Dopo la lettura del dispositivo i difensori degli imputati si preparano ad affrontare il processo

SASSARI. La data del 25 giugno non è così lontana e il gruppo di avvocati chiamato ad assistere gli imputati rinviati a giudizio dal gup Carla Altieri dovrà affrontare questi quattro mesi con la consapevolezza di dover trovare gli strumenti giusti per smantellare un quadro accusatorio complesso. In realtà credevano di aver già trovato elementi più che sufficienti durante questa udienza preliminare durata due anni. Ma il gup non è evidentemente rimasto soddisfatto.

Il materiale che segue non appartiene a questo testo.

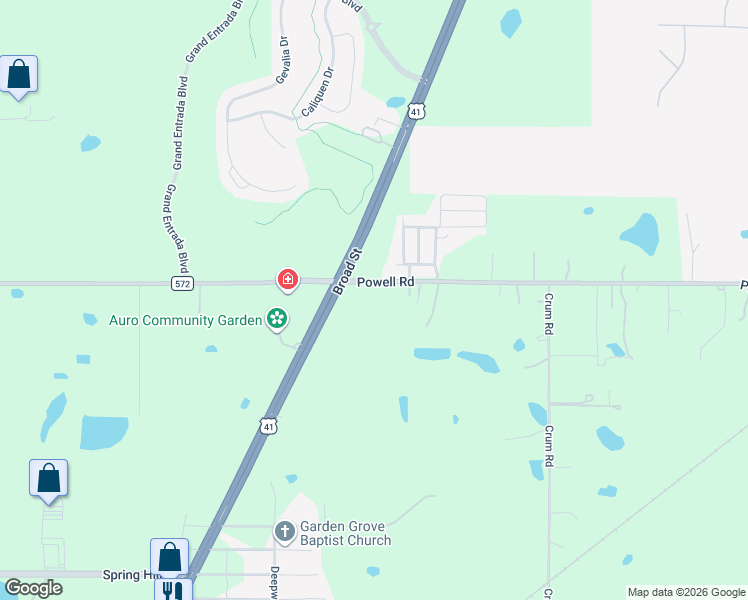 map of restaurants, bars, coffee shops, grocery stores, and more near 18258 Powell Road in Brooksville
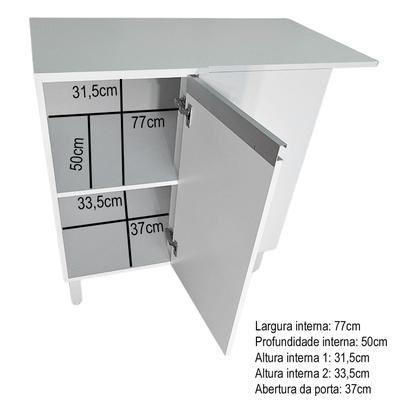 Imagem de Balcão Multiuso 95cm em MDF de Canto Branco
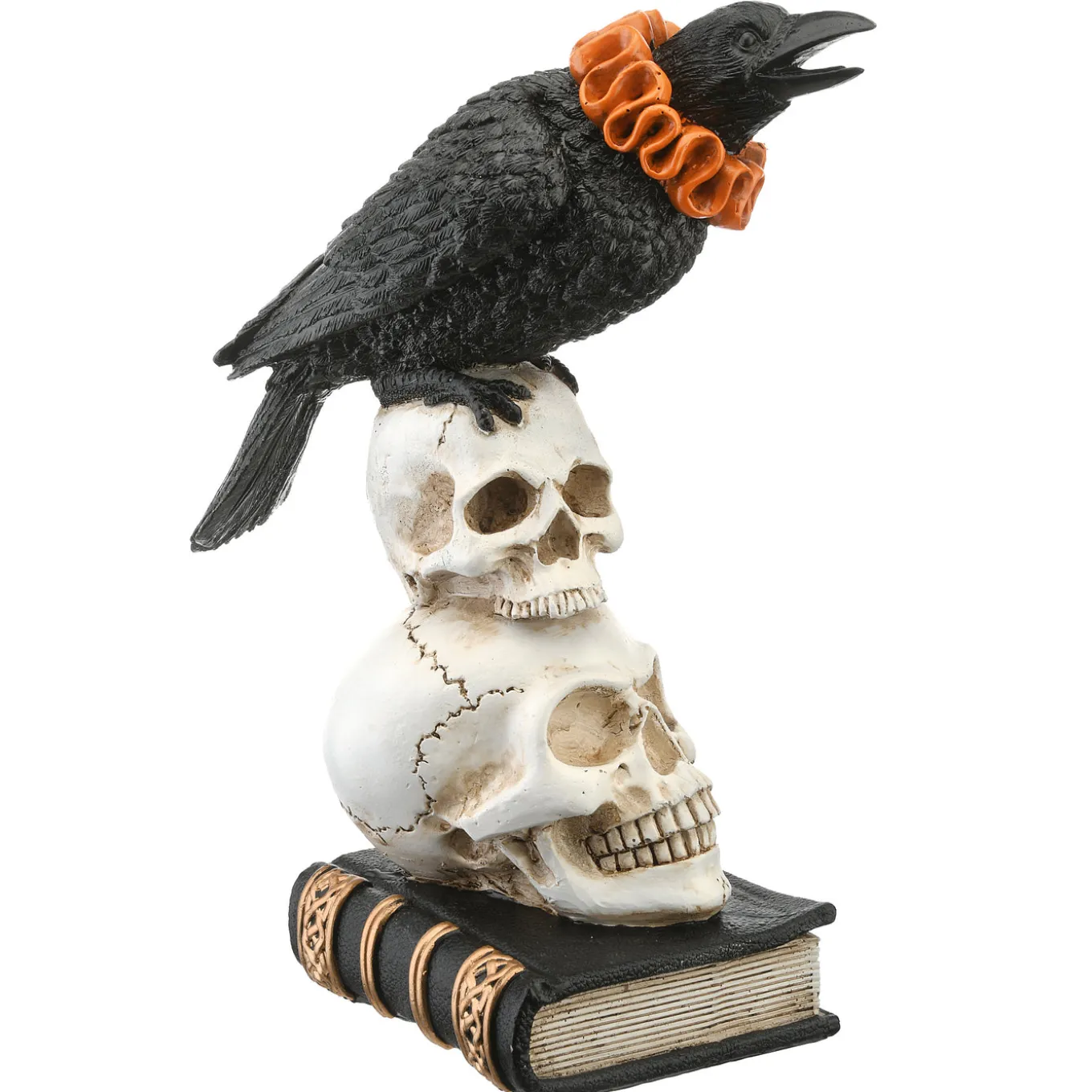 11 in. Halloween Crow and Skulls Decoration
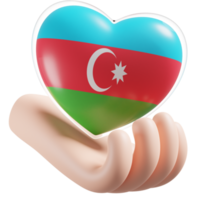 Azerbaijan flag with heart hand care realistic 3d textured png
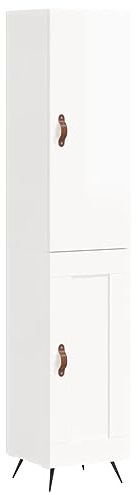 vidaXL Highboard, Sideboard mit viel Stauraum, Kommode Schrank für Wohnzimmer, Anrichte Beistellschrank Metallbeine, Modern, Hochglanz Weiß Holzwerkstoff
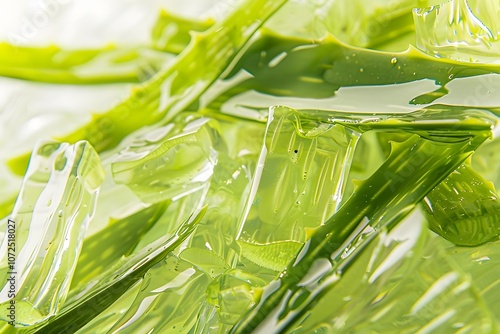 Close-up of translucent green plant material, possibly seaweed or gelatin.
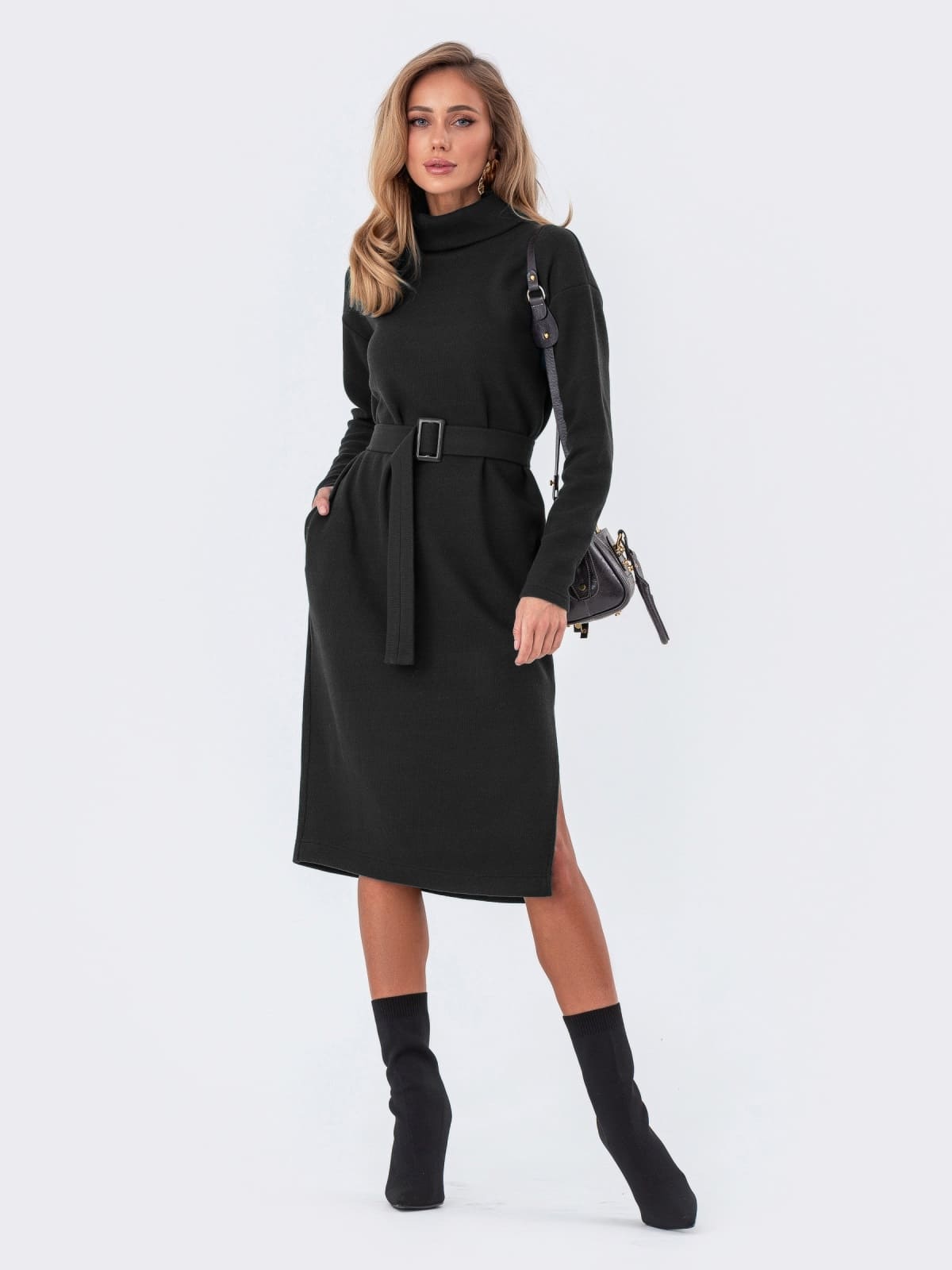 Трикотажна сукня з додаванням вовни чорна | 93238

Il giorno dopo la lettura del dispositivo, negli studi dei difensori di Gianfranco Ganau e degli altri imputati rinviati a giudizio, gli avvocati sono già al lavoro. La decisione del gup ha lasciato spiazzati i legali che erano sicuri di ottenere un non luogo a procedere per i loro assistiti. E infatti venerdì mattina nell’aula al piano terra del palazzo di giustizia (si è scelta quella dove si celebrano i processi di corte d’assise perché la più ampia) l’espressione sul viso di alcuni avvocati era quella dello stupore più assoluto. Il gup ha ritenuto di dover prosciogliere tutti i consiglieri comunali dall’accusa di abuso d’ufficio, coloro che erano presenti e che votarono favorevolmente nella seduta del consiglio comunale del 10 luglio 2008 convocata per l’adozione provvisoria del Piano urbanistico ma ha invece deciso che andranno a processo il sindaco di Sassari, alcuni tecnici comunali, l’attuale assessore alle Culture, l’allora vicesindaco e il presidente della Confcommercio di Sassari (a suo carico l’ipotesi di tentata estorsione). Assolto per intervenuta concessione in sanatoria anche Giampiero Uneddu (direttore dei lavori del Tanit) che aveva scelto il rito abbreviato, accusato in concorso con Nicolino Brozzu (il costruttore) di realizzare l’opera edilizia «in totale difformità dal titolo abilitativo».